Python solution O(N)
This should be solved using Kadane’s algorithm from two directions.
ref:
Python Codility Solution
C++ solution - YouTube tutorial
JAVA solution
def compute_sum(start, end, step, A):
res_arr = [0]
res = 0
for i in range(start, end, step):
res = res + A[i]
if res < 0:
res_arr.append(0)
res = 0
continue
res_arr.append(res)
return res_arr
def solution(A):
if len(A) < 3:
return 0
arr = []
left_arr = compute_sum(1, len(A)-1, 1, A)
right_arr = compute_sum(len(A)-2, 0, -1, A)
k = 0
for i in range(len(left_arr)-2, -1, -1):
arr.append(left_arr[i] + right_arr[k])
k = k + 1
return max(arr)

This is just how I'd write the algorithm.
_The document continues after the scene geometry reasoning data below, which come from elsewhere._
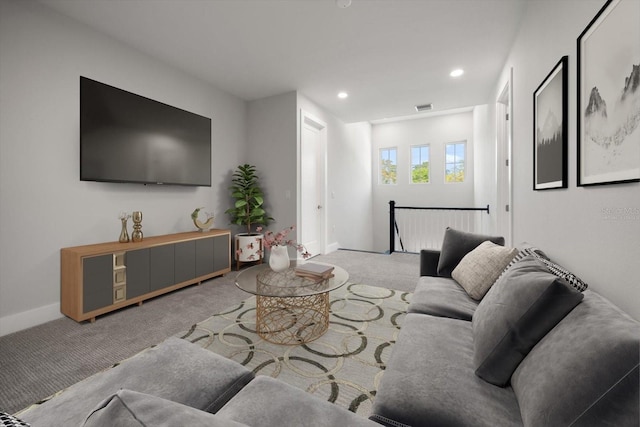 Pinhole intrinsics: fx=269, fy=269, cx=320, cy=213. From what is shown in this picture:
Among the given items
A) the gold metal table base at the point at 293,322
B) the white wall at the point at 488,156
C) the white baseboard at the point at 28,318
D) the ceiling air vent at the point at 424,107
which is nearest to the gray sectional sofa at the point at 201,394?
the gold metal table base at the point at 293,322

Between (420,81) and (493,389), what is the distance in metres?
3.87

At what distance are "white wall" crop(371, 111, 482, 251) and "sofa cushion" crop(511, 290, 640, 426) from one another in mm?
6262

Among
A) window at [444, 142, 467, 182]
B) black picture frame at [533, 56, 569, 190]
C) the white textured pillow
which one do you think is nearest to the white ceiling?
black picture frame at [533, 56, 569, 190]

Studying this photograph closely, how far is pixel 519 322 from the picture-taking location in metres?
0.94

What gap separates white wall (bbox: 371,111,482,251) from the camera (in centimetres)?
645

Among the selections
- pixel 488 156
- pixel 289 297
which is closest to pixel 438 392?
pixel 289 297

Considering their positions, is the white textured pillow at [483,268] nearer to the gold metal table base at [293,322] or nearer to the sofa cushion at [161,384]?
→ the gold metal table base at [293,322]

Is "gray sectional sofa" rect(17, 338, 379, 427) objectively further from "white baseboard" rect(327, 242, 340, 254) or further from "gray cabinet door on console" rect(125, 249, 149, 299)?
"white baseboard" rect(327, 242, 340, 254)

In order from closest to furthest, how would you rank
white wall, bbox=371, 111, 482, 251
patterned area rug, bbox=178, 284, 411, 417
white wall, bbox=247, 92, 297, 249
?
1. patterned area rug, bbox=178, 284, 411, 417
2. white wall, bbox=247, 92, 297, 249
3. white wall, bbox=371, 111, 482, 251

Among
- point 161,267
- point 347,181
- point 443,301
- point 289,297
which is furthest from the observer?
point 347,181

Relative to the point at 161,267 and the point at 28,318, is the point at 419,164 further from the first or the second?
the point at 28,318

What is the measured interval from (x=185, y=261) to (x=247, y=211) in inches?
48.9

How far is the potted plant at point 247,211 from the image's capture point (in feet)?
12.8

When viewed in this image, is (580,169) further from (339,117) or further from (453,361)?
(339,117) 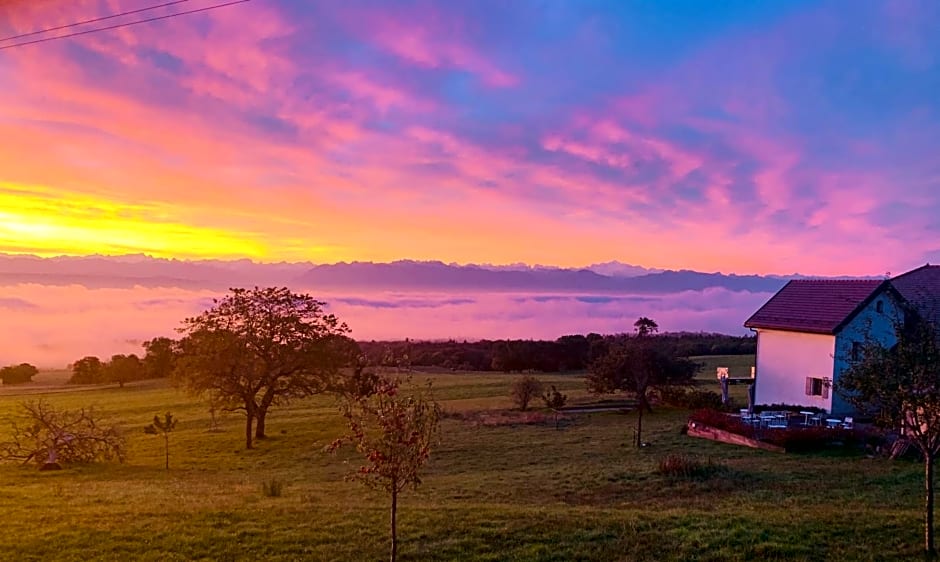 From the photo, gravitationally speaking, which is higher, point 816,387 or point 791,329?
point 791,329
Assume a start index of X=0, then iteratively sum the squares to the right.
Keep track of the index of the lowest int as you count, and subtract the lowest int from the sum when you use it. This effectively lets you place your Y.
Keep track of the max sum, and the X, Y, Z values for that sum
if the sum ever turns negative then save the max sum as your result, so long as it is greater than the previous result.
Choose a new X, You should start looking after Y and subtract one from whatever index you find. And repeat the previous steps, do this until you have reached the end of the list.
How might this be an improvement?
Potential problem case for your code: [7, 2, 4, -18, -14, 20, 22]
-18 and -14 separate the array into two segments. The sum of the first segment is 7+2+4=13, the sum of the second segment is just 20. The above algorithm handles this case, yours might but I'm bad at python (sorry).
EDIT (error and solution): It appears my original answer brings nothing new to what I thought was the problem, but I checked the errors and found the actual error occurs here: [-20, -10, 10, -70, 20, 30, -30] will not be handled correctly. It will exclude the positive 10, so it returns 50 instead of 60.
It appears the askers code doesn't correctly identify the new starting position (my method for this is shown in case 4), it's important that you restart the iterations at Y instead of Z because Y effectively deletes the lowest number, which is possibly the Z that fails the test.